Although training metaphors can be highly effective, they can also backfire if they cross a line into war or combat comparisons that view viruses as “enemies” that can be “conquered through the technological subjugation of nature,” Alex de Waal, of Tufts, explained. Then people may falsely conclude that “if we have just the right weapons, then just as an individual can recover from an illness and be the same again, so too can a society,” de Waal said. “We didn’t have to pay attention to the pesky details of the social world, or see ourselves as part of a continuum that includes the other life-forms or the natural environment.”

Using candy to explain correlation vs causation

The Vaccine Adverse Events Reporting System, which was created to provide transparency and to quickly address any adverse events, is commonly cited by those who are vaccine hesitant. Although the system contains unverified data, the adverse events have led to confusion, with many people raising concerns about what the database means for vaccine efficacy. To help people understand why the data should not be taken as gospel, this simple reference to candy may be useful:

“If you give everyone in the U.S. a lollipop and then publish data about how many of them die within 24 hours, you may create the false impression that lollipops are dangerous. The key thing to remember is that correlation does not mean causation, and until a link has been proven, such assumptions can be dangerous.”

-Appeared Aug. 13, 2021 in SF Gate. Cross-posted from Logically.

Using sports metaphors to show why COVID work must happen over the long haul

Too often, we see people inclined to celebrate victories and relax prevention practices, only to end up back in risky situations. COVID and our public health response continue to evolve. As such, it’s important to be cautious about using “finish line” metaphors. Suggesting that the pandemic may end soon and we are close to the finish line — and then moving that finish line — erodes trust in science and public health.

Instead, it’s helpful to recast metaphors in ways that effectively communicate the long game:

“With everyone masked, you learn to read the emotions in your co-workers’ eyes. They’re weary and they’re also disappointed that the country has started the end zone dance before we cross the goal line. The truth is we’re fumbling the ball before we even get there.”

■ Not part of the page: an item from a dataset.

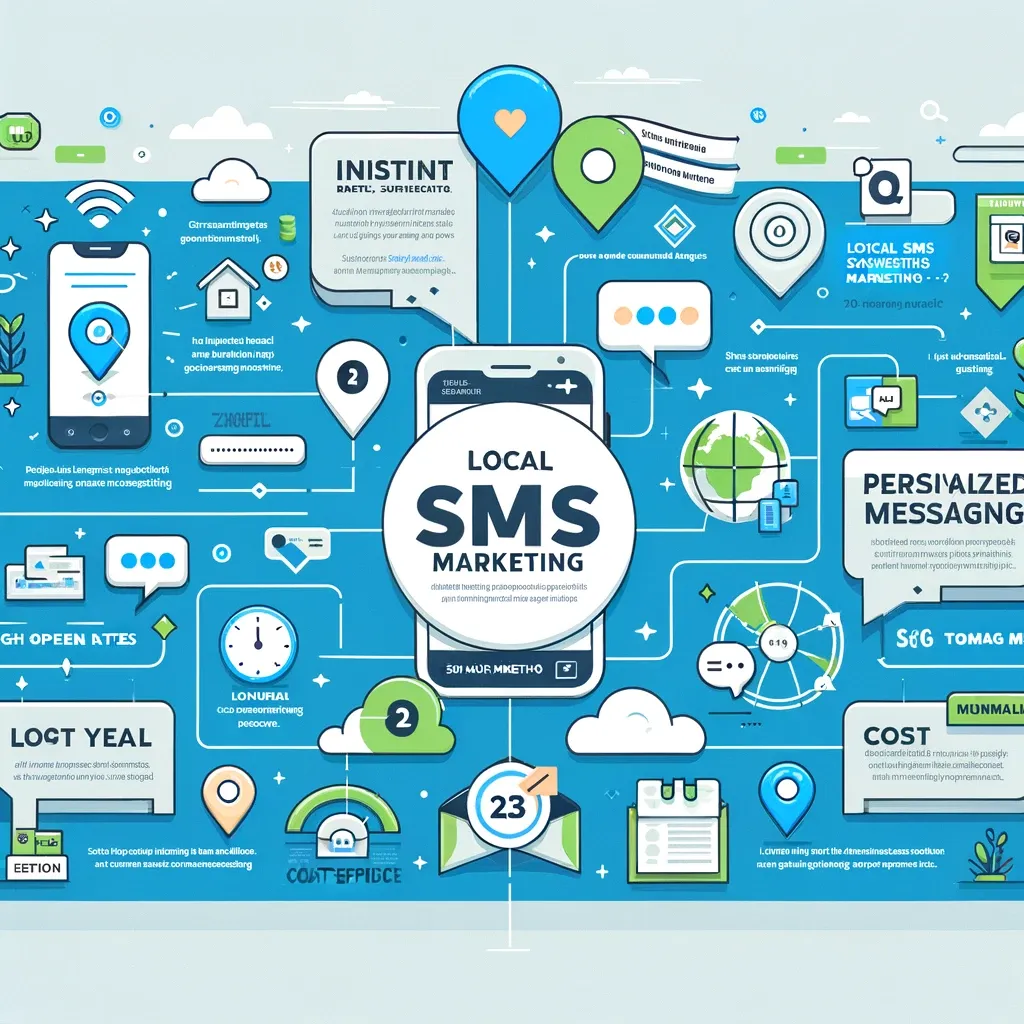 iMAGE THAT REPRESENTS Maximizing Business Growth with Local SMS Marketing - Go High Level CRM Guide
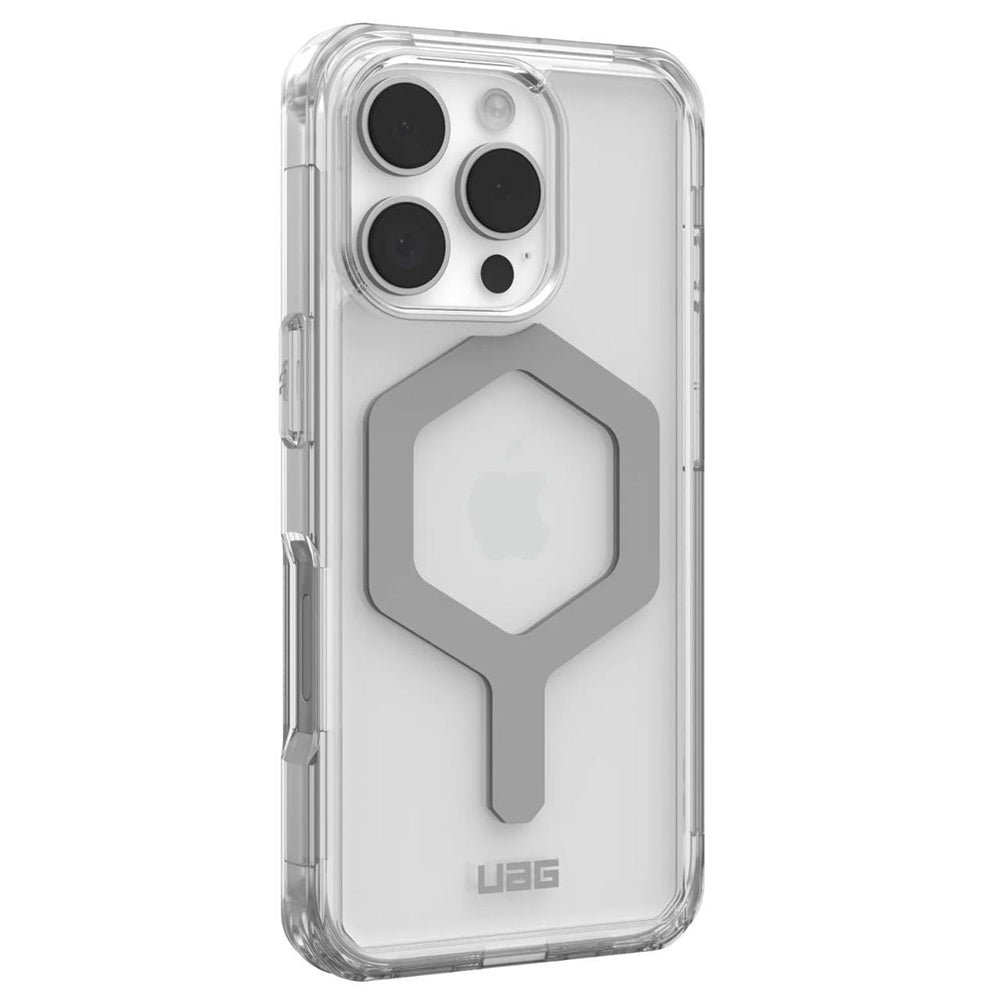 Husa MagSafe pentru Apple iPhone 16 Pro, Urban Armor Gear, Plyo, Transparenta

-Dr. Terrence Coulter. Appeared July 1, 2021 in The New York Times.

Using disability to illustrate the realities of chronic illness

People who have never experienced disability or chronic illness may have difficulty conceiving of life with long COVID. This description helps to break up the false dichotomy between the infected and the recovered, revealing a middle ground between two extremes.

“Non-disabled people only saw the potential outcomes of the virus as either life or death — they didn’t account for the gray. Disabled people live in the gray. Even after the virus has left the system and patients are in ‘recovery,’ about one in three COVID-19 patients experience long-term symptoms and disability. They live in the gray now with us too.”
-Imani Barbarin. Appeared Aug. 30, 2021 in  Refinery 29.

At BMSG, we’d be happier than a flea on a dog if we were able to kick COVID to the curb tomorrow, but we know this is a marathon and not a sprint. We are grateful to be in the game with all of you and will continue to shine a spotlight on language that helps us all get to the light at the end of the tunnel.

But seriously, we are in a moment where the news media and the public are more focused on public health than perhaps at any point in most of our lives, and yet we know that there are many aspects of public health infrastructure, vaccines, and COVID that are hard to understand or that don’t get much news coverage. Metaphors can meet people where they are, break down complex topics, transform public health jargon into easy-to-understand ideas, and help us move forward together.